Now we look the estimated intercept and slope of each climatic cluster The credible intervals reflect uncertainty in the estimation of the slope only.

Code
clim_cluster_names <- subdata$ClimCluster %>% unique %>% sort

lapply(clim_cluster_names, function(clim_cluster_i){
  
  if(clim_cluster_i == "Central Atlantic"){
    term_intercept <- paste0("r_ClimCluster[Central.Atlantic,Intercept]")
    term_slope <- paste0("r_ClimCluster[Central.Atlantic,FieldSite_num]")
  } else {
    term_intercept <- paste0("r_ClimCluster[",clim_cluster_i,",Intercept]")
    term_slope <- paste0("r_ClimCluster[",clim_cluster_i,",FieldSite_num]")
  }
  
  clim_cluster_intercept <- mod_coeff[mod_coeff$term==term_intercept,"estimate"] %>% pull
  clim_cluster_slope <- mod_coeff[mod_coeff$term==term_slope,"estimate"] %>% pull
  clim_cluster_slope_low95 <- mod_coeff[mod_coeff$term==term_slope,"conf.low"] %>% pull
  clim_cluster_slope_high95 <- mod_coeff[mod_coeff$term==term_slope,"conf.high"] %>% pull
  
ggplot(data = subdata) +
  geom_point(aes(x = FieldSite_num, y = y), color="gray") +
  scale_x_continuous(breaks = c(1, 2), 
                     limits = c(0.5, 2.5),
                     labels = c("Glensaugh (FE)", "Yair (FS)")) +  # Set x-axis limits and breaks
  geom_ribbon(aes(x = FieldSite_num, 
                  ymin = global_intercept + global_slope_low95 * FieldSite_num, 
                  ymax = global_intercept + global_slope_high95 * FieldSite_num),  
              inherit.aes = FALSE, 
              fill = "blue", 
              alpha = 0.2) + 
  geom_ribbon(aes(x = FieldSite_num, 
                  ymin = (global_intercept + clim_cluster_intercept) + (global_slope + clim_cluster_slope_low95) * FieldSite_num, 
                  ymax = (global_intercept + clim_cluster_intercept) + (global_slope + clim_cluster_slope_high95) * FieldSite_num),  
              inherit.aes = FALSE, 
              fill = "red", 
              alpha = 0.2) + 
  geom_point(data=subdata %>% filter(subdata$ClimCluster==clim_cluster_i), aes(x=FieldSite_num, y=y), color="red", alpha=0.8) +
  geom_abline(slope = global_slope, 
              intercept = global_intercept, 
              color = "blue", 
              linetype = "dashed", 
              linewidth = 1) +
  geom_abline(slope=(global_slope + clim_cluster_slope) , intercept=(global_intercept + clim_cluster_intercept), color="red", alpha=0.8, linewidth=0.5) +
  scale_color_manual(values=c("red",rep("gray",20))) +
  theme_bw() +
  labs(title = paste0("Climatic cluster: ",clim_cluster_i),
       x = "",
       y = "Tree height (mm)")
})
[[1]]


[[2]]


[[3]]

Main take-home message: As for populations, there is almost not variation in the slope across sites among climatic clusters.

6 RDPI

For that, the first option is to use the two common gardens in which the trees come from a unique nursery, i.e. FS (in which all trees come from NG) and FE (in which all trees come from NE, except four trees that come from NG and that we remove to calculate the RDPI index).

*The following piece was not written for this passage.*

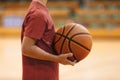 Young School Boy Holding Basketball Ball in Hands at Training Game. Junior Basketball Players on a Game Royalty Free Stock Photo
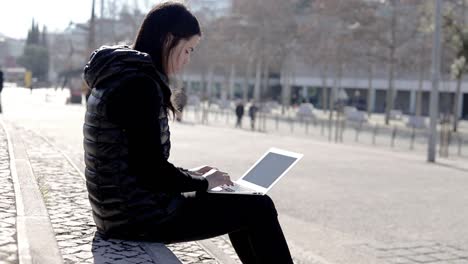Focused-young-woman-using-laptop-on-street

So we calculate the RDPI indexes capturing plasticity to environment variation between FS and FE.

Code
rdpi_data <- data %>% filter(!(FieldSite=="FE" & Nursery =="NG")) # we remove the four trees in FE that come from NG
pop_codes <- unique(rdpi_data$PopulationCode) %>% sort() # population codes
site_codes <- c("FE","FS") # field site codes
site_comb <- combn(site_codes,2)
calc_rel_dist <- function(x){abs(x[1]-x[2])/(x[1]+x[2])}

list_traits <- list(heights = rdpi_data %>% dplyr::select(contains("HA"), -contains("13")) %>% colnames(), # height measurements (except 2013)
                    duration_budburst = rdpi_data %>% dplyr::select(contains("BD")) %>% colnames(), # duration of bud burst
                    timing_budburst = rdpi_data %>% dplyr::select(contains("BT")) %>% colnames()) # time taken to reach budburst stages

lapply(list_traits, function(traits) {
  
  lapply(traits, function(trait){

  lapply(pop_codes, function(pop){
  
  subpop <- rdpi_data %>%
    drop_na(any_of(trait)) %>% 
    dplyr::filter(PopulationCode %in% pop)
  
  n_pop <- nrow(subpop) # nb of individuals in the population

 rel_dist <- lapply(1:dim(site_comb)[[2]], function(nb_comb){
 
    subsite1 <- subpop %>% dplyr::filter(FieldSite %in% site_comb[1,nb_comb])
    subsite2 <- subpop %>% dplyr::filter(FieldSite %in% site_comb[2,nb_comb])
    
    
    lapply(1:nrow(subsite1), function(x) {
      
      
      rbind(subsite1[x,trait],subsite2[,trait]) %>% 
        pull() %>% 
        combn(2, calc_rel_dist) %>% 
        .[1:nrow(subsite2)] %>% 
        as.numeric()
      
      }) %>% unlist()
    
    }) %>% unlist()
 
 N <- length(rel_dist)
 
sum(rel_dist)/N
 
 
 }) %>% 
    setNames(pop_codes) %>% 
    as_tibble() %>% 
    pivot_longer(everything(), names_to = "PopulationCode", values_to = "RDPI") %>% 
    mutate(Trait=trait)
  
  }) %>% bind_rows()

  
}) %>% saveRDS(file=here("outputs/ScotsPine/PhenotypicPlasticity/RDPI_based_on_FE_FS.rds"))
Code
list_titles <- list(list("heights","height"),
                    list("duration_budburst","the duration of budburst"),
                    list("timing_budburst","the time taken to reach budburst stages"))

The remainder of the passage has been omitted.